Breakthroughs in the development of high-throughput technologies for profiling transcriptomes at the single-cell level have helped biologists to understand the heterogeneity of cell populations, disease states and developmental lineages. However, these single-cell RNA sequencing (scRNA-seq) technologies generate an extraordinary amount of data, which creates analysis and interpretation challenges. Additionally, scRNA-seq datasets often contain technical sources of noise owing to incomplete RNA capture, PCR amplification biases and/or batch effects specific to the patient or sample. If not addressed, this technical noise can bias the analysis and interpretation of the data. In response to these challenges, a suite of computational tools has been developed to process, analyse and visualize scRNA-seq datasets. Although the specific steps of any given scRNA-seq analysis might differ depending on the biological questions being asked, a core workflow is used in most analyses. Typically, raw sequencing reads are processed into a gene expression matrix that is then normalized and scaled to remove technical noise. Next, cells are grouped according to similarities in their patterns of gene expression, which can be summarized in two or three dimensions for visualization on a scatterplot. These data can then be further analysed to provide an in-depth view of the cell types or developmental trajectories in the sample of interest.

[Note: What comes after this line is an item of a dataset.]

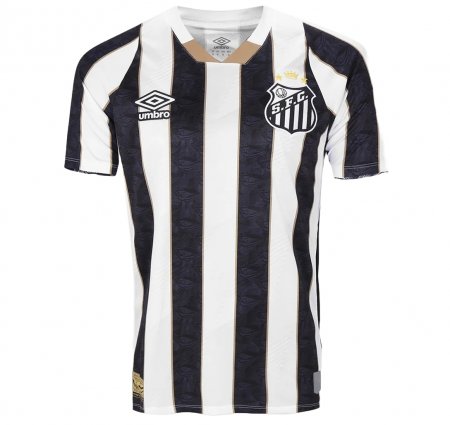 Shirt Santos Away 2024/25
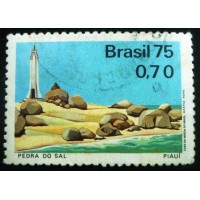 1975 C 0917 Pedra do Sal U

Cell clustering in datasets with discrete cell types
An important objective of single-cell RNA sequencing analysis is to resolve the cellular heterogeneity of a dataset by identifying the different subpopulations present. Cell clustering identifies and groups cells from a heterogeneous dataset into clusters, according to similarities in their patterns of gene expression, as illustrated in the heatmap. These cell clusters usually correspond to different cell types present in a dataset.